Zimmerer found that much food biodiversity existed not in stable, specialized micro-niches but in their versatile adaptive capacities to “non-equilibrium systems.” For instance, during the war, people took the crops they liked and valued and grew them closer to home, which he terms close-to-home cultivation, instead of farther away in the fields, where they risked getting caught in the fighting.

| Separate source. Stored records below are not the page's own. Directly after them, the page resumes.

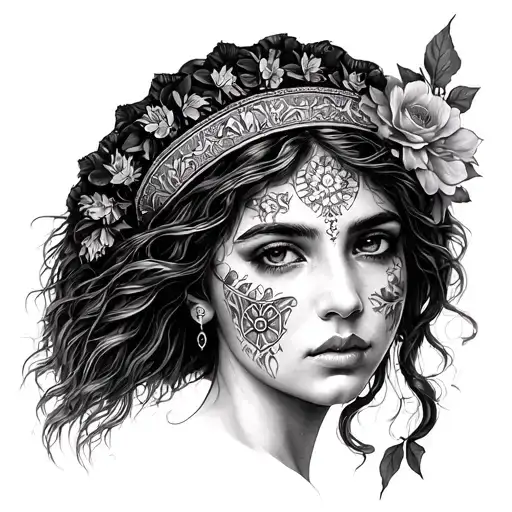 Dark Realism Virgo Sign Mixed Mexican Heritage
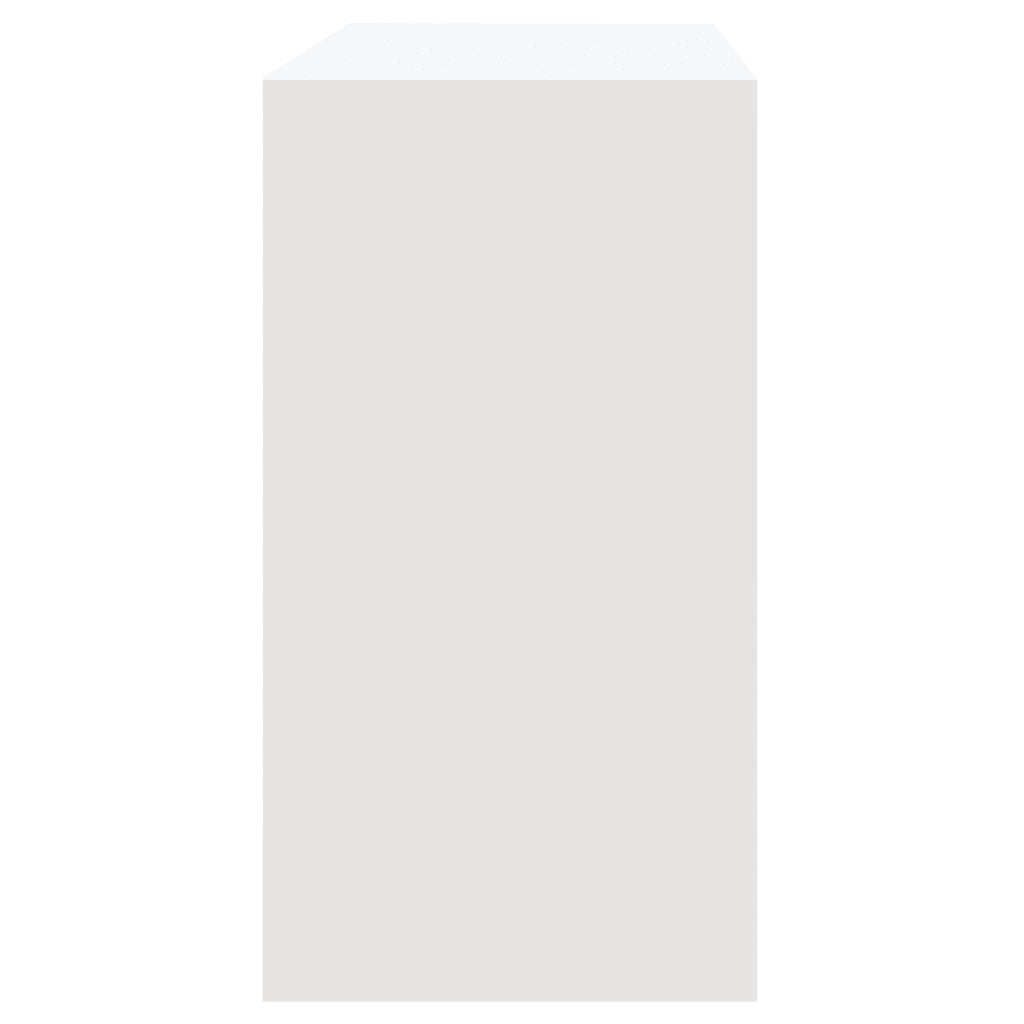 Tavolo Consolle Bianco 89x41x76,5 cm in Acciaio 809566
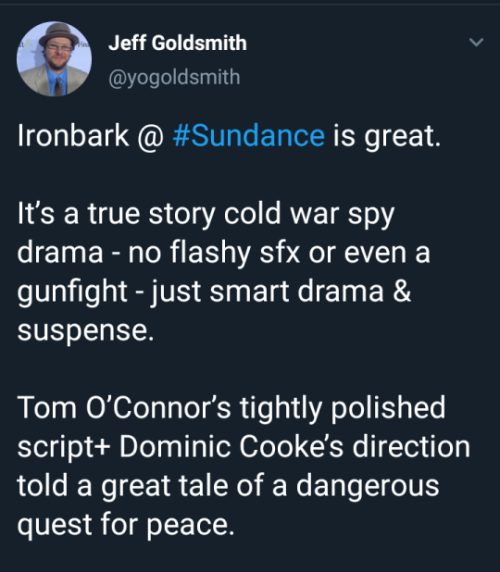 elennemigo:Ironbark First Reactions at the Sundance Film Festival 2020.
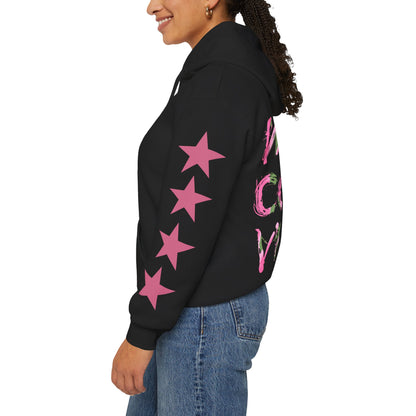 'West Coast Vibe' Hoodie, multicolor w Stars, Graphic Hoodie | CaliPride Clothing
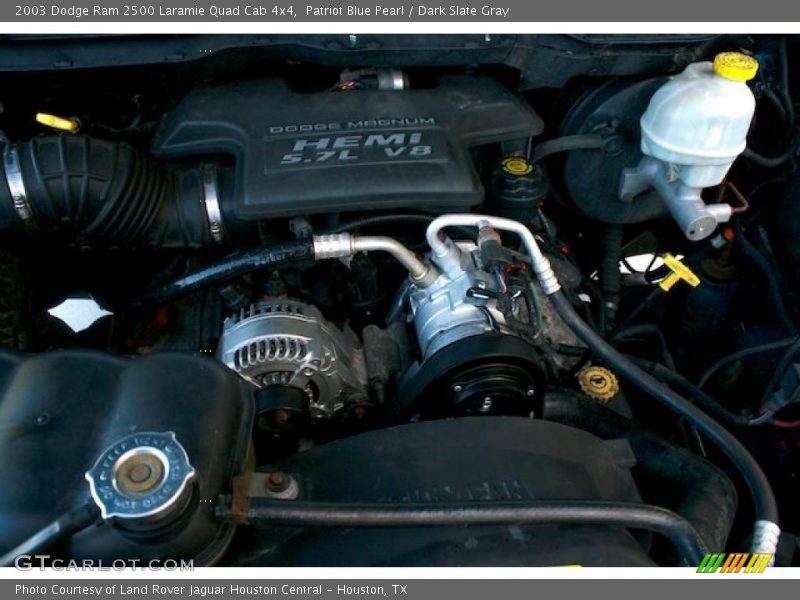 Patriot Blue Pearl / Dark Slate Gray 2003 Dodge Ram 2500 Laramie Quad Cab 4x4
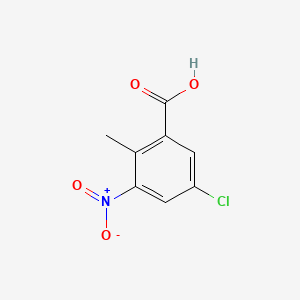 Chemical structure of 5-chloro-2-methyl-3-nitrobenzoic acid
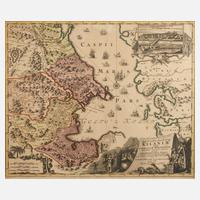 Johann Baptist Hohmann, Karte Kaspisches Meer111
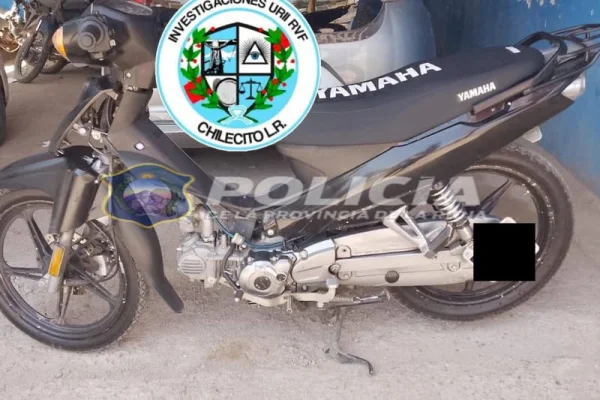 Investigaciones recuperò una motocicleta robada en Chilecito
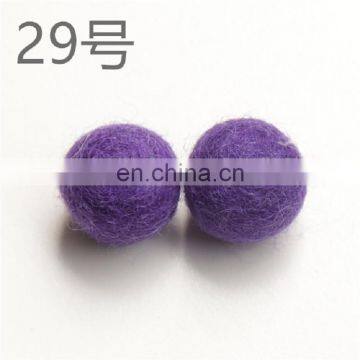 many color wool ball for rugs nepal felt ball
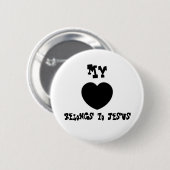 Mijn, behoort tot Jezus Ronde Button 5,7 Cm (Voorkant /achterkant)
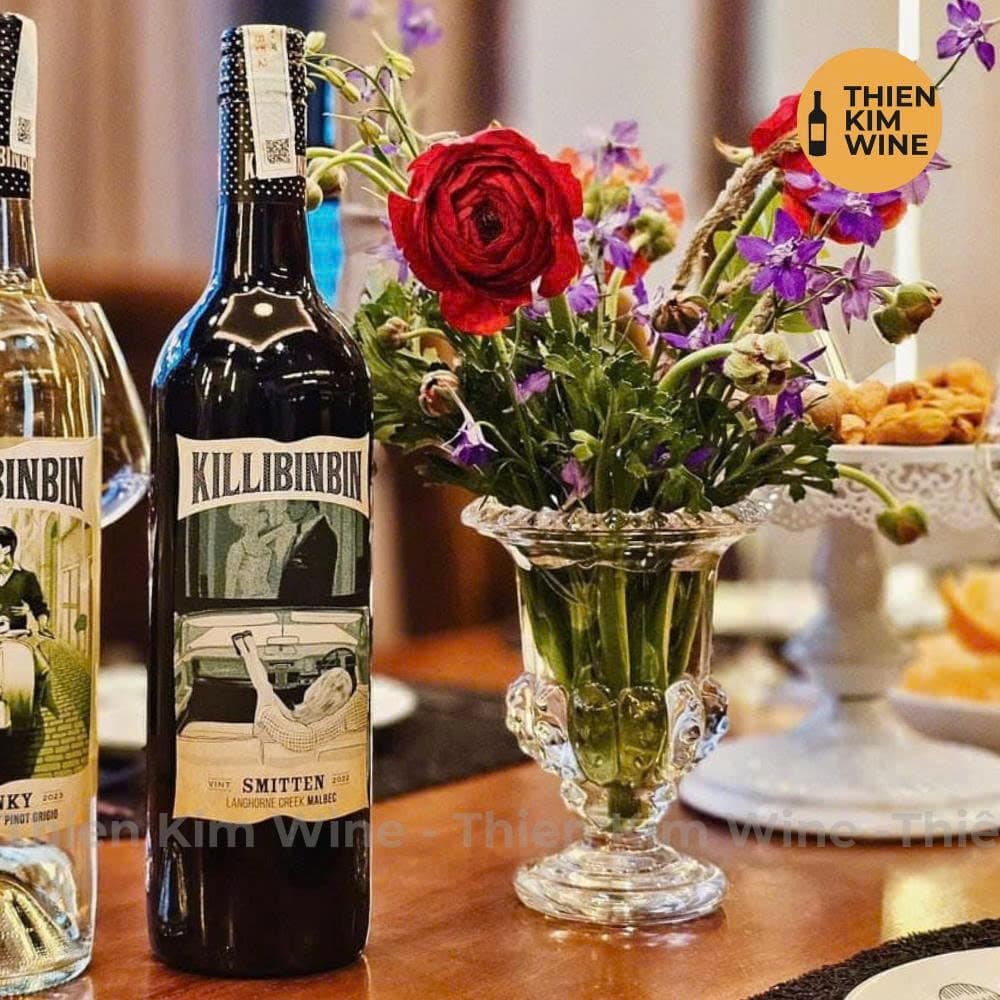 [Chính hãng] - Rượu Vang Đỏ Úc Cao Cấp "Nút Vặn" Killibinbin Smitten Malbec & Scarlet Pedtit - 750ml (14,5%)
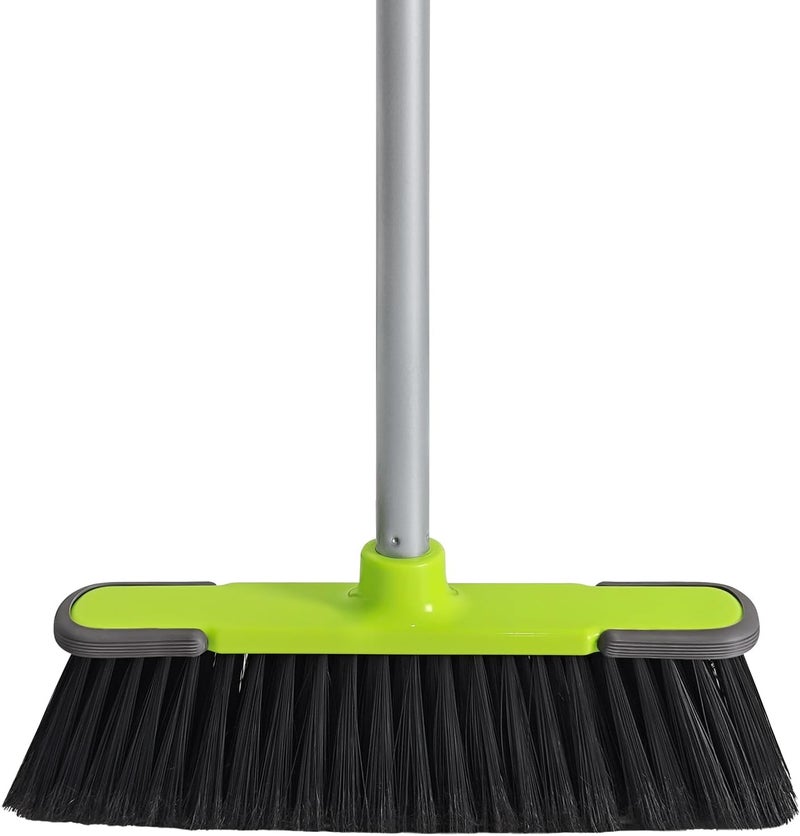 TrueYee Green Indoor Broom 54" Long Handle House Broom for Floor Cleaning Sweeping Broom for Kitchen, Garage, Lobby, Patio and Garden - Image 1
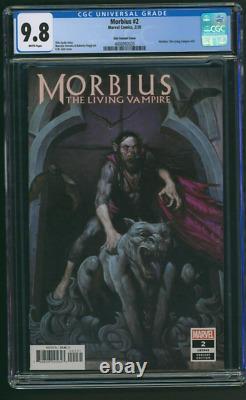 Morbius #2 Gist 125 Variant CGC 9.8 White Pages Midnight Sons Ghost Rider
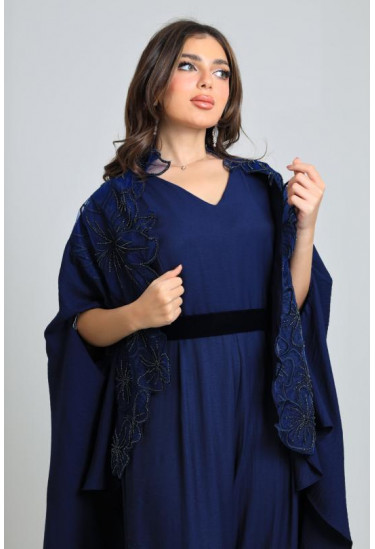 جمبسوت كاجوال + بشت مزخرف عصري جمبسوت كاجوال + بشت مزخرف عصري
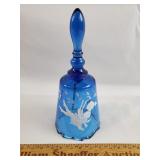 Fenton Glass Bell Signed 7" H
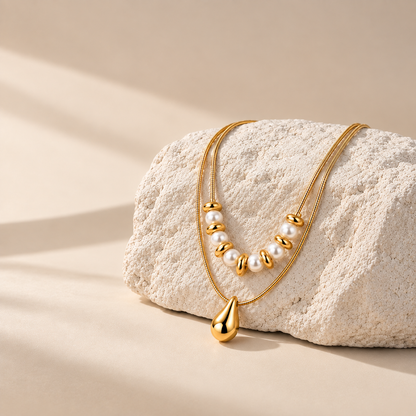 Luxe Pearl Layered Necklace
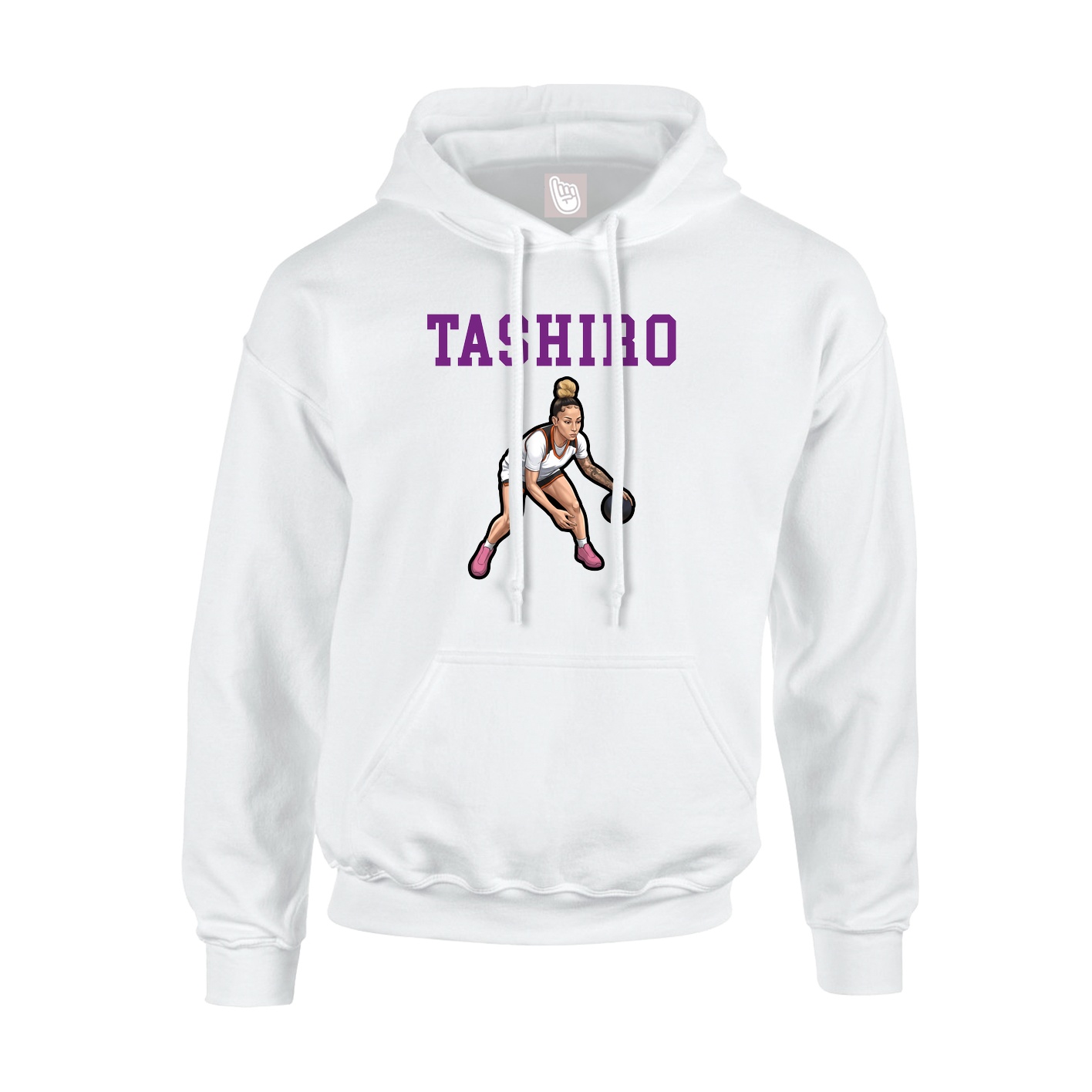 Hoodie — Shirsey in White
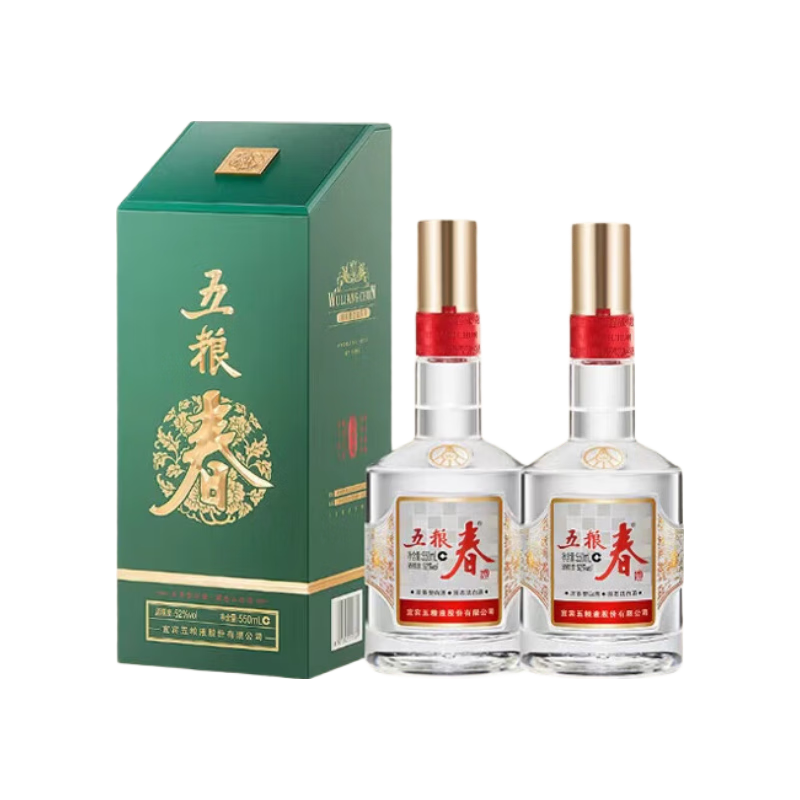 ����Һ�ɷ� �������ڶ��� ݼ�� Ũ���Ͱ׾�52�� 550ml 2 ˫ƿװ 398.0Ԫ����398Ԫ/����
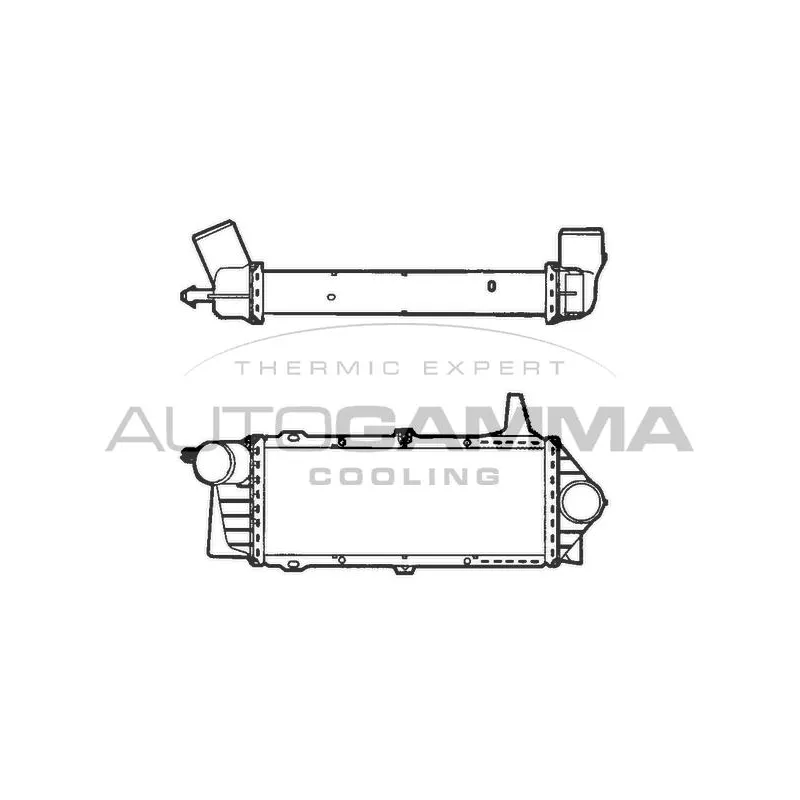 Intercooler, échangeur AUTOGAMMA 101505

“I found that many human-plant interaction systems have a lot of versatility associated with them,” he said. “Even before the war, there were other kinds of intense changes, such as historic climate changes, and versatility gave these systems the capacity to adapt to intense change.” This versatility was and is currently reinforced by the seed systems of small-scale land users and Indigenous people, which Zimmerer has studied extensively, since they occasionally rely on seeds from different micro-environments. Culture is a further source of specific positive links to this versatility, a research insight that Zimmerer has developed in scientific journals as well as ones as wide-ranging as the Proceedings of the Modern Language Association and Allpanchis (“Our Earth”), an Andes-based journal.
The Green Revolution in the 1990s and early 2000s provided another opportunity for Zimmerer to carefully investigate the precepts of conventional wisdom of the field. At the time, he explained, introducing irrigation projects in developing nations was predicted to homogenize crop production and “wipe out” biodiversity. Zimmerer’s research, published in Nature, found that an extensive irrigation system had existed in the Andes as early as 3,500 years ago.
“As irrigation influenced these food systems, people were changing what they grew, but it was often changes with adaptation in the community-based irrigation that was becoming more common,” he said. “Community irrigation projects shifted crop types but didn’t decrease diversity. It’s a very important outcome because it suggests that irrigation for climate change adaptation, if done the right way at the right scale, doesn’t necessarily destroy food biodiversity.”
Addressing global change
The honor from the American Academy of Arts and Sciences is the latest that Zimmerer has earned over his career. Others include two Fulbright fellowships, a John Simon Guggenheim Fellowship, and fellow status for the American Association for the Advancement of Science. And he’s not done.
Zimmerer is currently working on several interdisciplinary research projects with collaborators at Penn State and in communities, universities, and civil-society groups around the world. One project assesses how people in Colombia and Peru used biodiversity to navigate the COVID-19 pandemic. Another project with Ramzi Tubbeh, who earned his doctorate under Zimmerer’s mentorship, examines 600 years of people sharing resources in ways impacting food biodiversity in Andean communities from Inca times to the present. A third project analyzes 10,000 recipes to see how people adapt their cooking to climate change impacts.
“As an environment-society researcher, I’m really obsessed with how to address the biodiversity and sustainability of food systems amid the global change drivers of climate change and urbanization and associated effects such as migration,” he said. “My family influences also intersect with framing these food and biodiversity issues in the large-scale dynamics of global change. We’re talking about the most important challenges facing sustainability and society. They are right in front of us.”